● GIVEN DATA

--- START ---

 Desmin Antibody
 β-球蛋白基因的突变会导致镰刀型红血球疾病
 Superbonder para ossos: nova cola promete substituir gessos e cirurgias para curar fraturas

--- END ---

● BRIEF
Line by line, the listing above is to be transcribed exactly.

● TASK RESULT
 Desmin Antibody
 β-球蛋白基因的突变会导致镰刀型红血球疾病
 Superbonder para ossos: nova cola promete substituir gessos e cirurgias para curar fraturas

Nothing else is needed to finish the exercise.